Quantum Electrodynamics with a Nonmoving Dielectric Sphere: Quantizing Lorenz-Mie Scattering

TL;DR

This paper develops a quantum framework for electromagnetic scattering by a dielectric sphere, enabling analysis of quantum light interactions and correlations, with potential applications in quantum optics and nanophotonics.

Contribution

It introduces a quantization method for electromagnetic fields around a dielectric sphere and explores quantum scattering phenomena, including Hong-Ou-Mandel interference.

Findings

Derived analytical expressions for quantum scattering by spheres of arbitrary size.

Calculated the second-order correlation function revealing quantum interference effects.

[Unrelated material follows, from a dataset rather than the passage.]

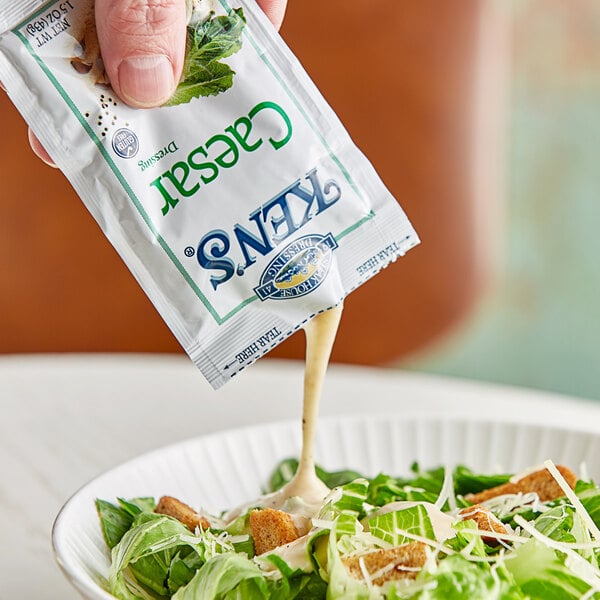 A hand pouring Ken's Caesar dressing onto a bowl of salad.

Established a theoretical basis for quantum light interactions with dielectric particles.

Abstract

We quantize the electromagnetic field in the presence of a nonmoving dielectric sphere in vacuum. The sphere is assumed to be lossless, dispersionless, isotropic, and homogeneous. The quantization is performed using normalized eigenmodes as well as plane-wave modes. We specify two useful alternative bases of normalized eigenmodes: spherical eigenmodes and scattering eigenmodes. A canonical transformation between plane-wave modes and normalized eigenmodes is derived. This formalism is employed to study the scattering of a single photon, coherent squeezed light, and two-photon states off a dielectric sphere. In the latter case we calculate the second-order correlation function of the scattered field, thereby unveiling the angular distribution of the Hong-Ou-Mandel interference for a dielectric sphere acting as a three-dimensional beam splitter. Our results are analytically derived for an arbitrary size of the dielectric sphere with a particular emphasis on the small-particle limit. This work sets the theoretical foundation for describing the quantum interaction between light and the motional, rotational and vibrational degrees of freedom of a dielectric sphere.